The article is originally published on The Atlantic Media’s Quartz in the U.S. and republished in Japanese on The Bridge in Japan. Türkçe çevirisi için tıklayınız.
Some actors fully immerse themselves in their roles. They become their character for the duration of the shooting by adopting their accents, mannerisms, and personalities. Very rarely do they stay in character beyond the wrap party.
And then there’s Ashton Kutcher. After playing Steve Jobs in the biopic of the late Apple founder, the actor was made a product engineer by Chinese technology company Lenovo. Many, including Quartz, dismissed the appointment as little more than a public-relations stunt and cast doubt on his technical capabilities.
They shouldn’t.
What if they are not asking the right questions? What if creative people such as Kutcher bring the human-centricity that technology companies are missing? After all, it’s what they live for. What if Kutcher’s knack for success as an investor is not just chance but precisely because of his artistic temperament? It could give him (and Lenovo) the ability to prioritize humans in technology and their needs better than engineers.
In 2005, I heard a version of this philosophy that changed my life. “Almost always, the paradigm shifter is someone outside the industry.
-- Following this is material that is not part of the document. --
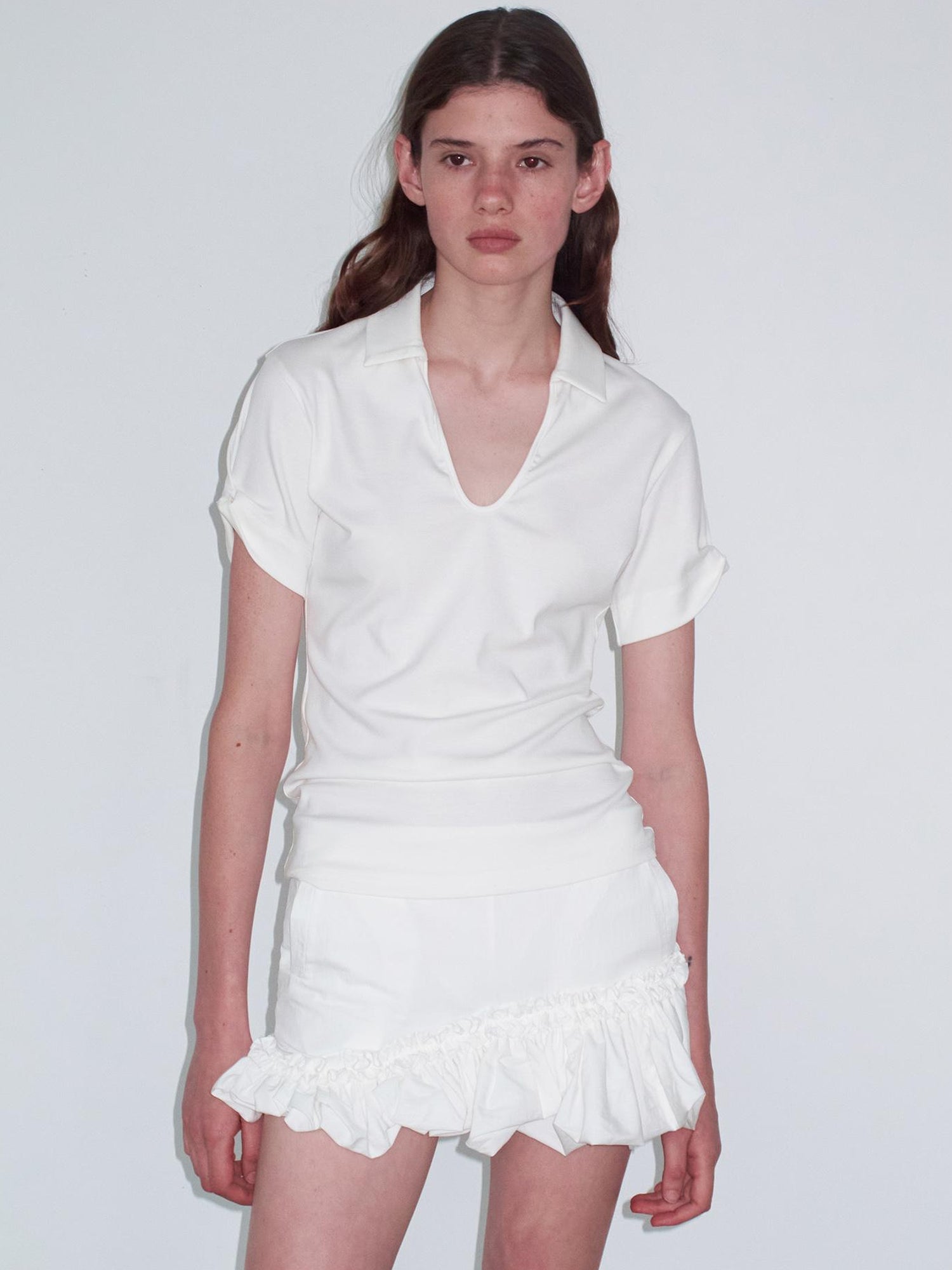 Delivery Women Knit Polo T-shirt With Small Collar White Pink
The 21st century is the outsider’s century,” futurist, author and filmmaker Joel A. Barker declared at a 2005 conference in Istanbul.
His words helped clinch my decision to turn down admission to an MBA program in Paris and study drama in Istanbul instead. I majored in engineering in undergrad and graduate school, and everyone said an MBA was the next logical step. That, they said, would give me the necessary skills to run a business—not an arts degree.
Thankfully, this point of view is being turned on its head.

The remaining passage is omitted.